Ms Gallagher said that if permitted, the turbine would have been contrary to Westmeath County Development Plan clauses which are designed to protect the environment, landscape, habitats, wildlife, designated sites and the residents of County Westmeath.
“Moreover, this development would have detracted from the amenities in the area and resulted in significant property depreciation and contravene proper planning and development in a part of the county that has suffered a significant decline that has worsened during the Covid crisis,” Jennifer said.
She added that the NWTAG are not against genuine micro, small or medium-scale renewable energy developments which are rooted and developed in the local community and service local need.

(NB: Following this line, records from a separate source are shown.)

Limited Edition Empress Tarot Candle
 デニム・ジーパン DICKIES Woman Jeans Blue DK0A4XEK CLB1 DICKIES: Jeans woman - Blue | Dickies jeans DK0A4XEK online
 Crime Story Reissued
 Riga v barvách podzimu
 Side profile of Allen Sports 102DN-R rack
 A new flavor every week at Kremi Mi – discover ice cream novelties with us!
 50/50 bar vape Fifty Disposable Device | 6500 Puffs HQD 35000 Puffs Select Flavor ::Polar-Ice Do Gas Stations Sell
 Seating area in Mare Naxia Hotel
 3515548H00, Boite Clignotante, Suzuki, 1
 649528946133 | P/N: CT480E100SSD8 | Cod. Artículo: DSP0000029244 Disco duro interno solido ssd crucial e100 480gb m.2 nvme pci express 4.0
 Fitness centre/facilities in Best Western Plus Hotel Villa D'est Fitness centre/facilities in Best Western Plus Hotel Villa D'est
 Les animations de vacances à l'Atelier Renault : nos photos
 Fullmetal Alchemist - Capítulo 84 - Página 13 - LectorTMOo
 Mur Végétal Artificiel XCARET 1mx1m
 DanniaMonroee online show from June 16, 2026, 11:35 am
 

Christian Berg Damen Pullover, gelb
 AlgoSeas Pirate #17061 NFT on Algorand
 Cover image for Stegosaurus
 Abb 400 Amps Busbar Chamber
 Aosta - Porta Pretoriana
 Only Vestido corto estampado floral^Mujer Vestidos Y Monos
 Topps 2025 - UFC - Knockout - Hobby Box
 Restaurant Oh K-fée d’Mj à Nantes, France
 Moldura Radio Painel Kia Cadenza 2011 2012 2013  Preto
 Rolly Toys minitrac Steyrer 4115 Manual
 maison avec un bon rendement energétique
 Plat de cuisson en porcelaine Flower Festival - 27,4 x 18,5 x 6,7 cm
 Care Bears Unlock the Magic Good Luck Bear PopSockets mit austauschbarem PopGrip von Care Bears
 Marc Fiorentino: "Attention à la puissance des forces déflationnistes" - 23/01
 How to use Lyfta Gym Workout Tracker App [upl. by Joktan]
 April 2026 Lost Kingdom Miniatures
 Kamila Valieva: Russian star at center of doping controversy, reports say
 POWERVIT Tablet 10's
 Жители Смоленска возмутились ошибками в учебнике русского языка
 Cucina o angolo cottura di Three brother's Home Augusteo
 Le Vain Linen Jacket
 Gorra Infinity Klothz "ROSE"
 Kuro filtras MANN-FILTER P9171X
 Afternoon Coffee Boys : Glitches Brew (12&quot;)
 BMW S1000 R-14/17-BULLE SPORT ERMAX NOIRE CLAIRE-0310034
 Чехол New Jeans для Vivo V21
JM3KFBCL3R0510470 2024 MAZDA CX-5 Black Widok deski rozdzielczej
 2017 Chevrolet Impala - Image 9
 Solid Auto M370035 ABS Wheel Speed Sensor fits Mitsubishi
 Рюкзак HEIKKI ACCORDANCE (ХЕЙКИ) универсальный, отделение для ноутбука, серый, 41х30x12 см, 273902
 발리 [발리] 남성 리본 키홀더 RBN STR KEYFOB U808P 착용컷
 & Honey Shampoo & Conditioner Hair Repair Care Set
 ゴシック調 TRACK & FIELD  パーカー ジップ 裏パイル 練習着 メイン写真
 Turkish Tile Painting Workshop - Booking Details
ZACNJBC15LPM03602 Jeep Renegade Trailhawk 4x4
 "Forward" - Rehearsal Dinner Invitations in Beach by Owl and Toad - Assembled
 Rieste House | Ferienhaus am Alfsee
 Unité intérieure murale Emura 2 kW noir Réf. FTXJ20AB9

“We support and applaud such endeavours but the Glor Community Turbine was a community turbine in name only as the vast majority of people living locally were unaware of the planning application and that it would be 150 metres in height,” she said.
Local Sinn Féin TDs Sorca Clarke (Longford Westmeath constituency) and Johnny Guirke (Meath West constituency) also submitted an objection to the proposed development.
They said that in addition to the application contravening “at least two of Westmeath County Council’s guidelines in relation to set back distances”, the developer failed to consult with community groups and residents.
Another of the objections came from the well known environmentalist Peter Sweetman. In his submission he cited his successful High Court appeal against An Bord Pleanála’s decision to grant planning permission to Bord na Móna for a wind farm in Longford.
The approval from An Bord Pleanála was quashed on the grounds that the application did not contain all the necessary details.